◆ **YOUR ASSIGNMENT**
Beginning with the line in which "Suzuki Right Heel" appears, transcribe each line word for word until the records end. Do not include pictures.

◆ **SUPPLIED MATERIAL**
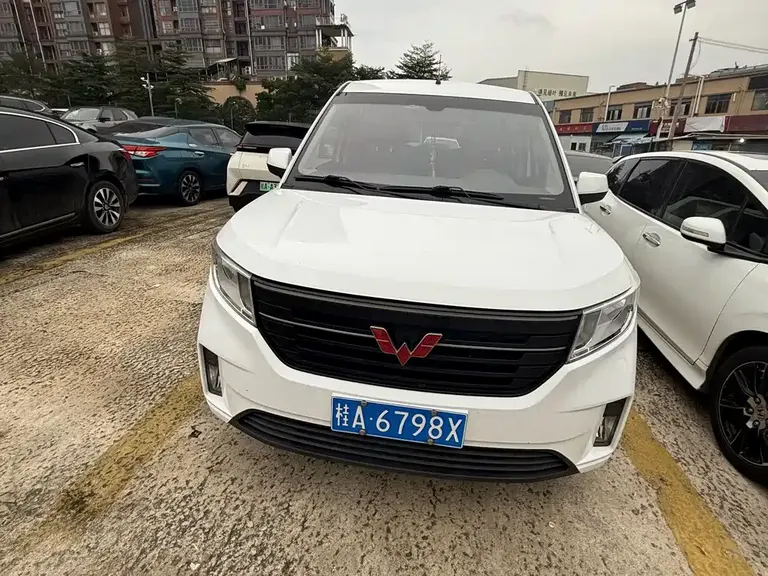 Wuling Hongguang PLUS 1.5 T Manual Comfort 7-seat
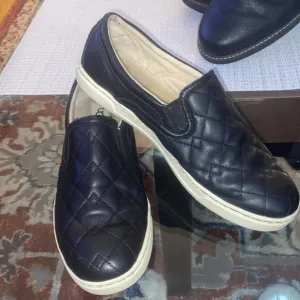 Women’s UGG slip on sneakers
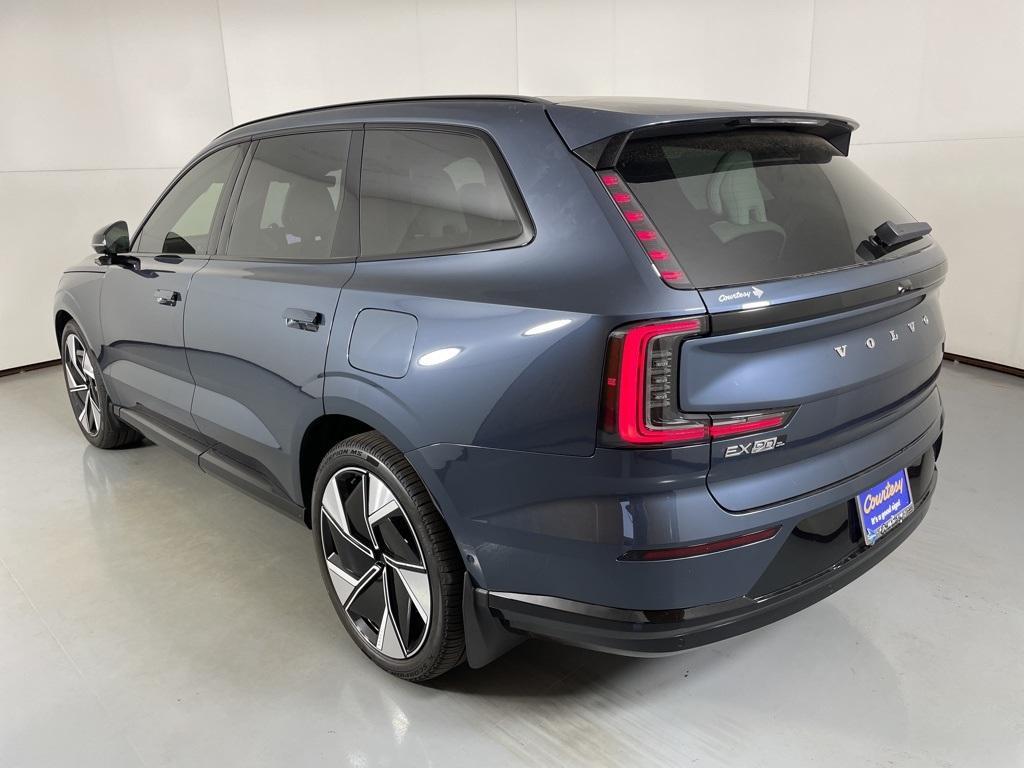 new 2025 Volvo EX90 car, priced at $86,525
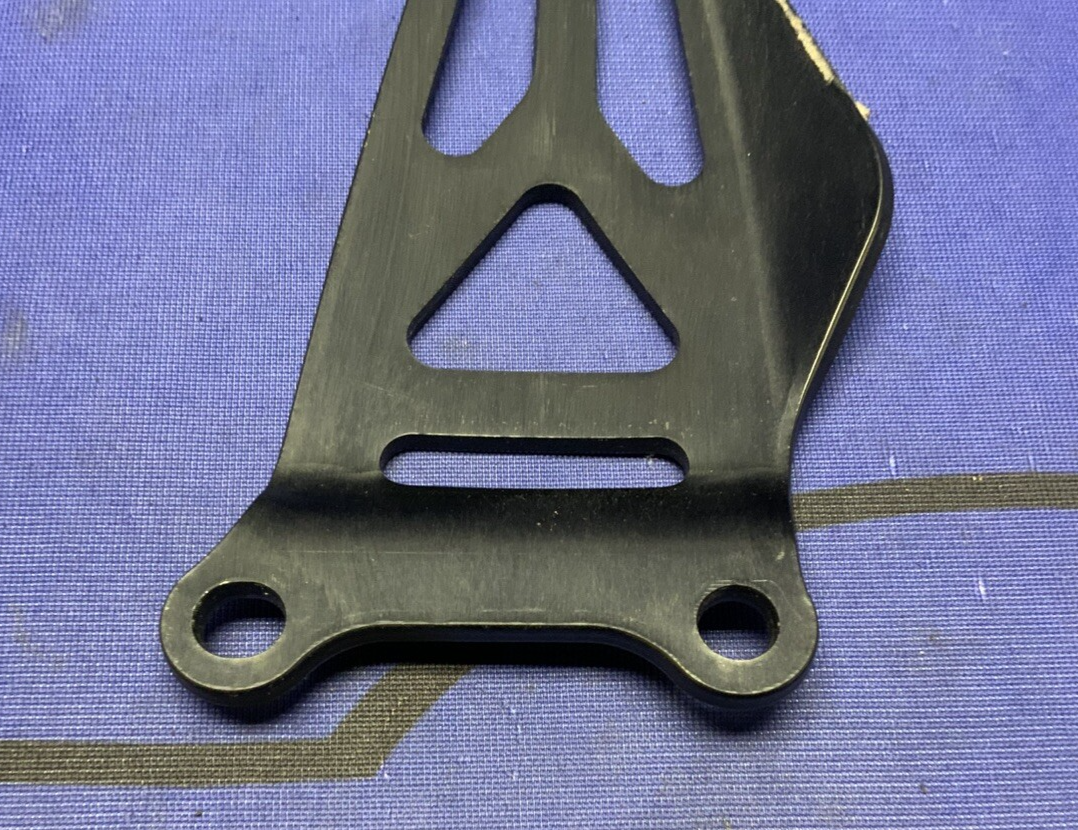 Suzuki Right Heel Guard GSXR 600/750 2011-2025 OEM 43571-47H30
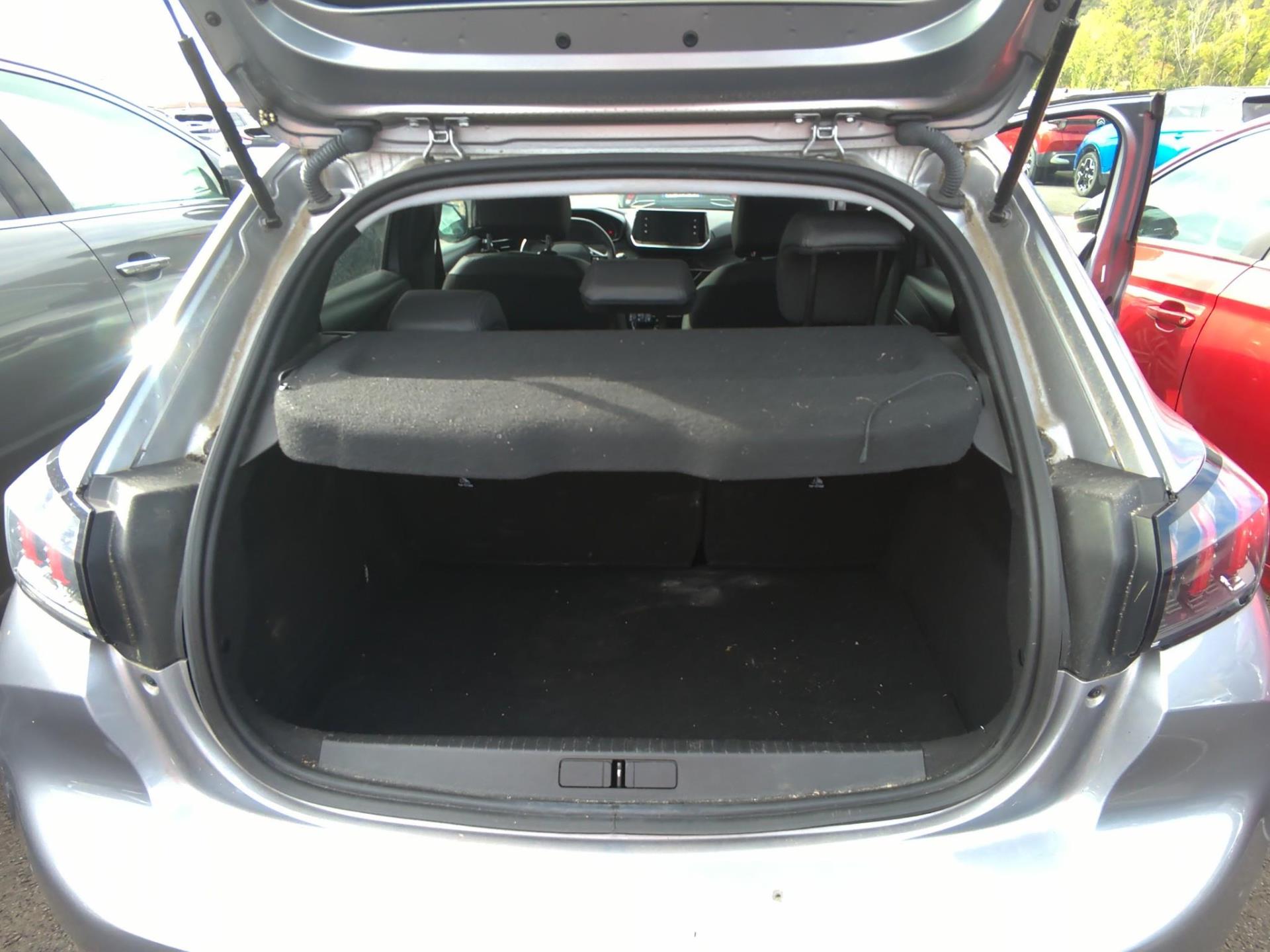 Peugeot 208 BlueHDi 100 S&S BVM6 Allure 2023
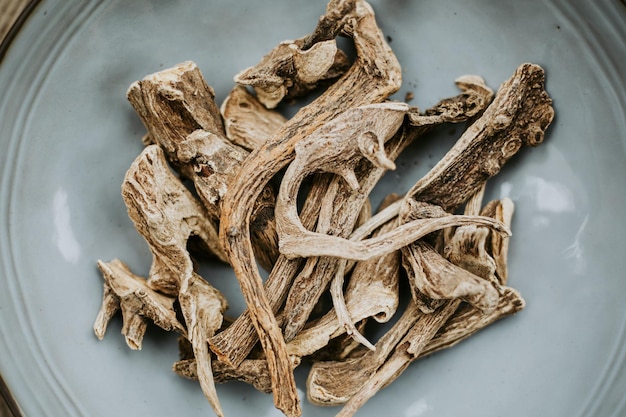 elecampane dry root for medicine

◆ **FINISHED TASK**
 Suzuki Right Heel Guard GSXR 600/750 2011-2025 OEM 43571-47H30
 Peugeot 208 BlueHDi 100 S&S BVM6 Allure 2023
 elecampane dry root for medicine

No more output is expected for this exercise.